The Fed cut interest rates for the third consecutive meeting, a quarter-point reduction Powell framed not as a confident pivot toward easier policy, but as a defensive move meant to keep the labor market from slipping further. He repeatedly emphasized risks to employment have risen “in recent months,” and noted that behind the headline numbers, job creation may already be negative.

Powell made the striking admission the Fed believes the official payroll figures—which have slowed sharply since the summer—are overstating job growth by roughly 60,000 per month. 

“Forty thousand jobs could be negative 20,” he said, adding this dynamic is not well understood by the public because unemployment claims remain historically low—something both economists Mark Zandi and Claudia Sahm recently toldFortune could be giving people a false sense of security about the job market.

“I think a world where job creation is negative… we need to watch that very carefully,” Powell said. 

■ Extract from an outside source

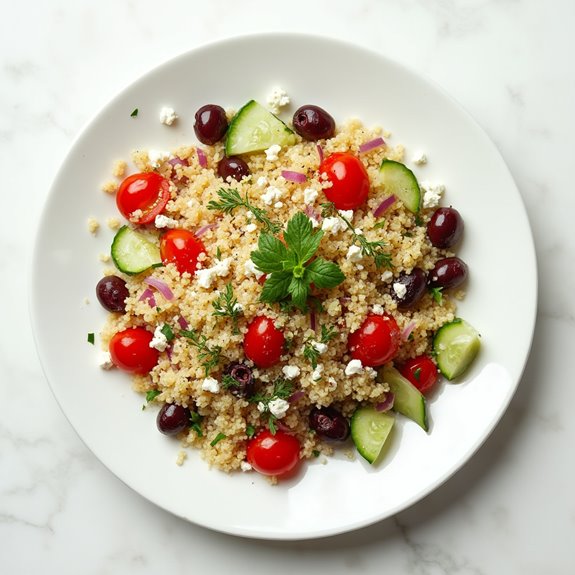 healthy mediterranean quinoa dish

It is this weakening backdrop Powell said makes the current moment “very unusual”: Inflation remains elevated, but most of the remaining overshoot comes from goods categories directly affected by tariffs, as opposed to domestic economic overheating, which he said the Fed has worked hard to cool since its 2022 highs; inflation excluding tariff-affected goods is “in the low [two percent],” he said. Services inflation is cooling, wage pressures are easing, and neither the labor market nor business surveys suggest a “Phillips-curve” kind of inflation threat, Powell said, referring to the inverse relationship between inflation and unemployment. 

Instead, Powell said, the bulk of the problem is a “one-time price increase” pushing up goods categories as import levies work their way through supply chains. Goods inflation, he noted, should peak around the first quarter of 2026, assuming no additional tariff rounds.

Those crosscurrents have fractured the Fed. Three officials formally dissented from the rate cut on Wednesday, and several others offered what Powell described as “soft dissents,” when an official’s personal projection falls out of what they ultimately voted for. There were six such “soft dissents” this time, during one of the deepest divides inside the FOMC in years, driven by disagreement over how to weigh the risks of lingering inflation against the possibility that job growth is weaker—and much more fragile—than reported.

Powell stressed that policymakers cannot simply choose one mandate to prioritize. 

“There is no risk-free path,” he said, a refrain he’s repeated for months. “When both sides of the mandate are threatened, you should be kind of neutral.” 

He characterized the current stance as being at the “high end” of neutral, allowing the Fed to “wait and see” how the data evolve.